DATA SEGMENT:
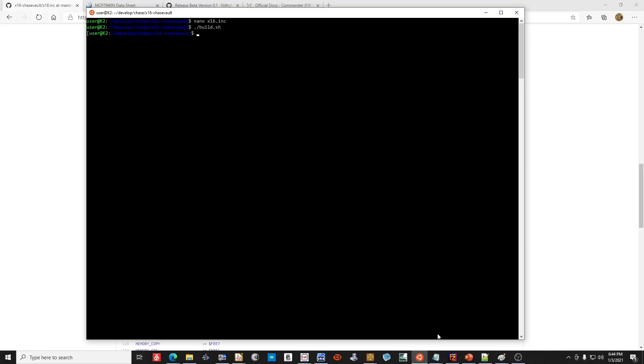Now I'll just build it — and it should be in here now. Yep, there she is. Okay, I'm going to go ahead and stop this and go over and move it to the Commander.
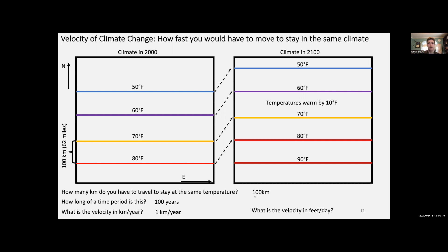Every single day, an organism would have to move 9 feet to stay at the same climate. That's not necessarily a problem for mobile animals, but it is a problem for trees. It can be a big problem for ecosystems because animals that live in trees depend on those trees — and if an ecosystem is generally sensitive to temperature, it will have a very difficult time migrating at 9 feet per day.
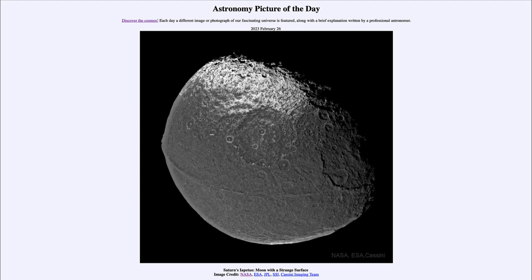So what do we see here? This is one of the moons of Saturn known as Iapetus, and it actually has the resemblance perhaps of a walnut, with a strange ridge going across sort of the central portions of it. What the ridge is for and how the ridge formed is a great question.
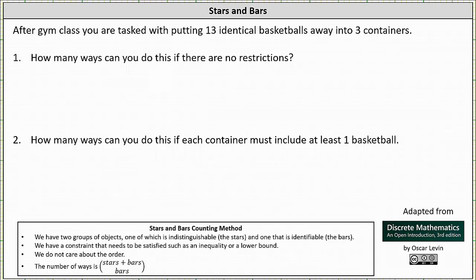After gym class, you are tasked with putting 13 identical basketballs away into three containers. Number one, how many ways can you do this if there are no restrictions? And number two, how many ways can you do this if each container must include at least one basketball?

EXERCISE DETAILS:
Please write out exactly the lines from the one holding "Every single day, an" through the last line of the material above, both included, as a copy without pictures.

ANSWER BOX:
Every single day, an organism would have to move 9 feet to stay at the same climate. That's not necessarily a problem for mobile animals, but it is a problem for trees. It can be a big problem for ecosystems because animals that live in trees depend on those trees — and if an ecosystem is generally sensitive to temperature, it will have a very difficult time migrating at 9 feet per day.
So what do we see here? This is one of the moons of Saturn known as Iapetus, and it actually has the resemblance perhaps of a walnut, with a strange ridge going across sort of the central portions of it. What the ridge is for and how the ridge formed is a great question.
After gym class, you are tasked with putting 13 identical basketballs away into three containers. Number one, how many ways can you do this if there are no restrictions? And number two, how many ways can you do this if each container must include at least one basketball?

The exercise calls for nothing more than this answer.